Inner Visions

Like her residential projects, interior designer Róisín Lafferty’s new Dublin gallery has an immersive quality that impacts visitors instantly, discovers Marie Kelly.

When visitors enter Róisín Lafferty’s Dublin gallery on Fitzwilliam Square, the award-winning interior designer and founder of the eponymous design practice Róisín Lafferty Studio, wants them to feel “calm and enchanted”. Stepping inside the gallery and showroom on the wettest, darkest January day, the impact is instant. The chaos and messiness of traffic-jammed, rain-soaked streets immediately dissolves in the awe-inspiring entrance hall. I feel a little like Dorothy landing in Oz; sepia-toned streets have been replaced by dramatic and colourful contrasts. 
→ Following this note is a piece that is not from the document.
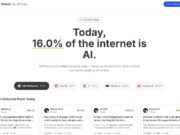 GPTZero AI Vision dashboard showing that an estimated 16 percent of the internet is AI-generated, with detection rates across platforms.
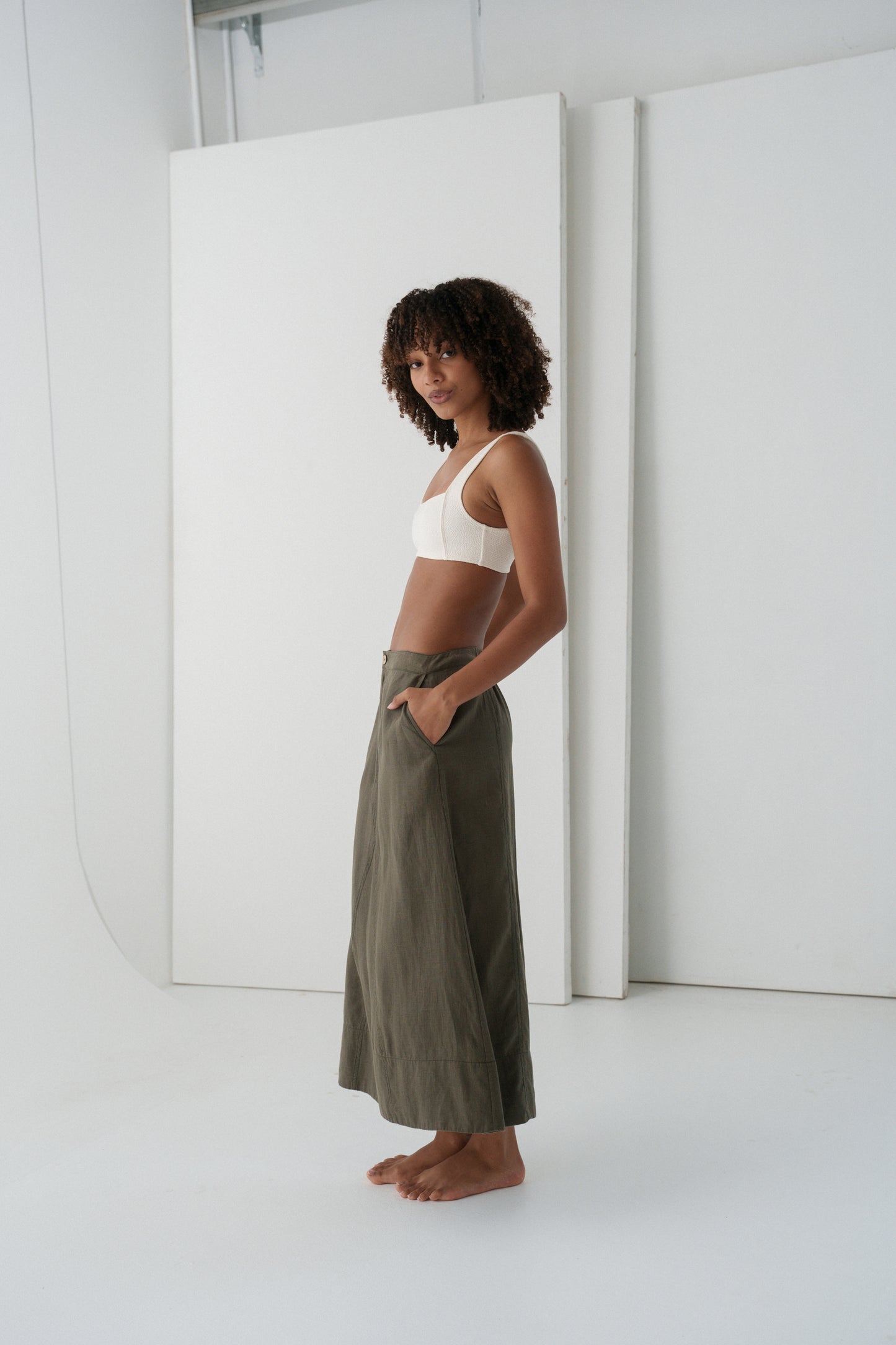 GIA KHAKI LINEN SKIRT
Occupying the ground floor and first floor of a traditional Georgian-square building – also home to Lafferty’s studio and HQ – the gallery captures the immersive atmosphere and sensory nature that have come to define her private residential projects. Taking inspiration from traditional Paris fashion ateliers, Lafferty has created a space that blends the comfort of home with the functionality of an atelier and the sophistication of a gallery. “I’ve always loved that vision of old fashion ateliers,” explains Lafferty. “For me, there was something really wonderful about the likes of Balenciaga and Chanel. They had a house that epitomized who they were, with layers and levels and everyone who worked for the house present. But it’s also where they hosted their shows, where their clients came for fittings. It was an encapsulation of who they were, of the brand itself,” she says.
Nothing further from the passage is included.